## Task goal
Please print the line that holds "Julia-Prastini-atau-Jule-dan-suaminya-Na-Daehoon.jpg" and each line after it to the end of the data, word for word, without any pictures.

## Data for analysis
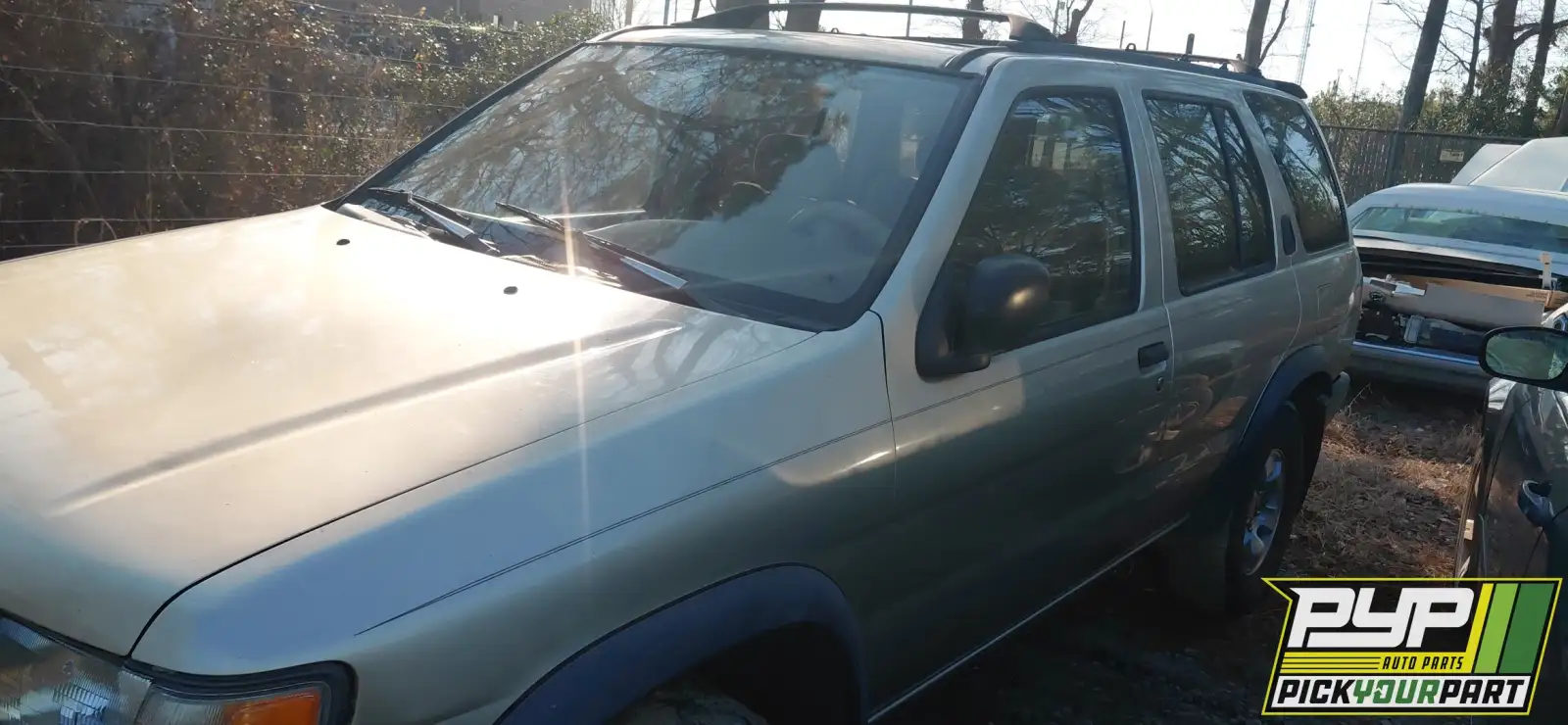 Photo of 1997 Nissan Pathfinder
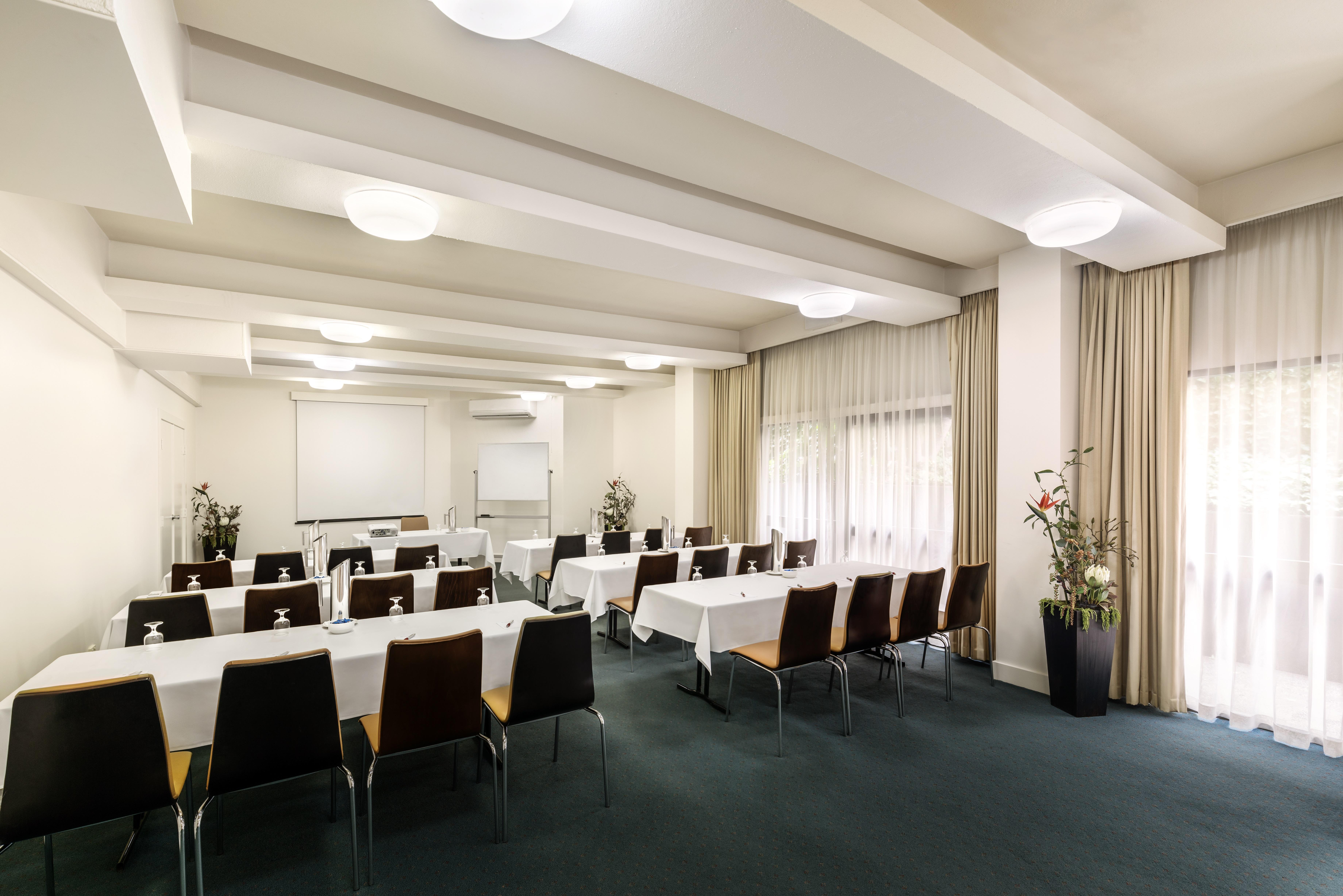 Best Western Plus Travel Inn — Photos 1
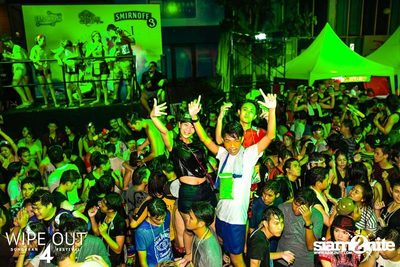 Wipe Out 4 Songkran Festival — photo 572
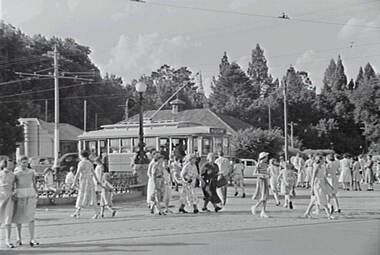 Negative - Alexandra Fountain Bendigo - View Point - Tram, Allan Doney, 1950 -1970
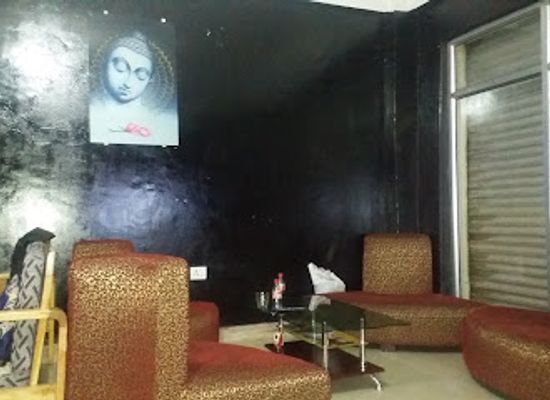 bhutan/thimphu-valley/bar/denku-bar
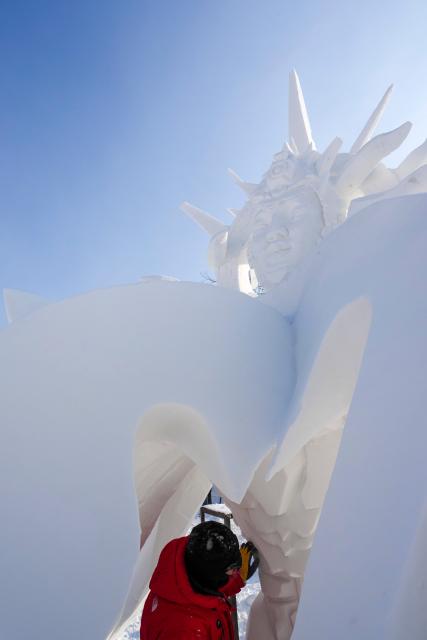 (260110) -- HARBIN, Jan. 10, 2026 (Xinhua) -- A Chinese contestant creates his snow sculpture at the venue of Sun Island Snow Expo in Harbin, northeast China's Heilongjiang Province, Jan. 9, 2026. A four-day snow sculpture competition concluded here on Friday, with the participation of 25 teams from 13 countries. (Xinhua/Wang Jianwei)
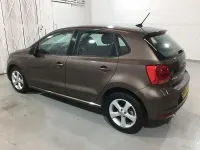 Usado VW Polo SE 90 HP (66 kW) 2015 Castanho Citadino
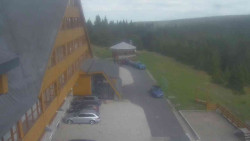 Parkoviště a hlavní vchod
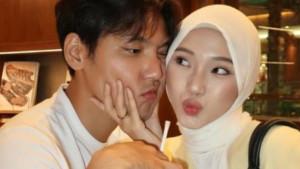 Julia-Prastini-atau-Jule-dan-suaminya-Na-Daehoon.jpg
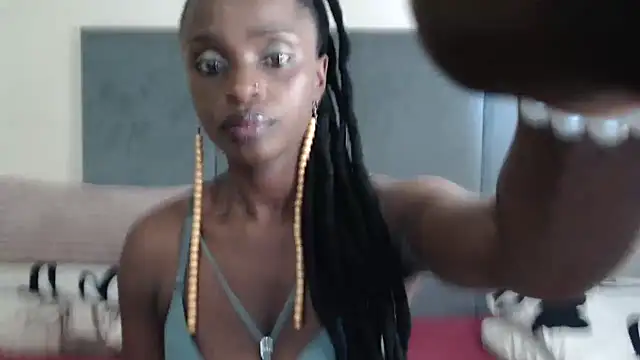 Jah-Queen online show from 10-08-25, 12:28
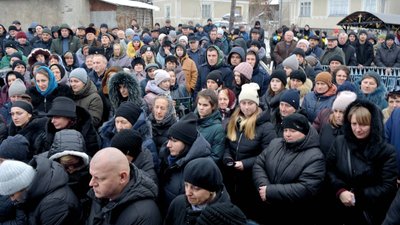 На Тернопільщині попрощалися із двома військовослужбовцями На Тернопільщині попрощалися із двома військовослужбовцями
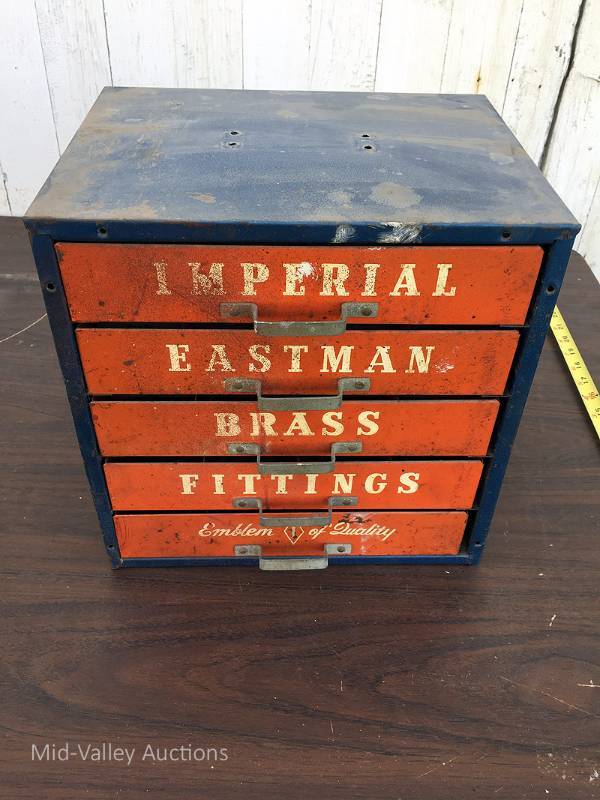 lot 92 image: Assorted Brass fittings in Vintage metal case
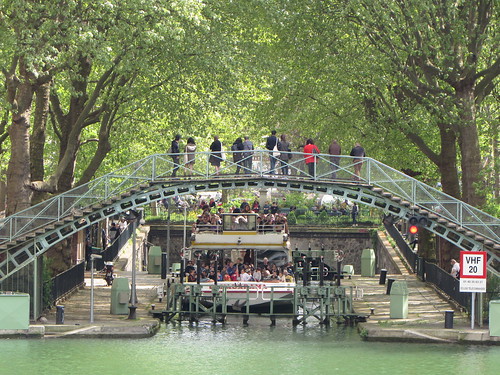 Kanal svetog Martina u Parizu / Canal Saint Martin in Paris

## Answer to this task
 Julia-Prastini-atau-Jule-dan-suaminya-Na-Daehoon.jpg
 Jah-Queen online show from 10-08-25, 12:28
 На Тернопільщині попрощалися із двома військовослужбовцями На Тернопільщині попрощалися із двома військовослужбовцями
 lot 92 image: Assorted Brass fittings in Vintage metal case
 Kanal svetog Martina u Parizu / Canal Saint Martin in Paris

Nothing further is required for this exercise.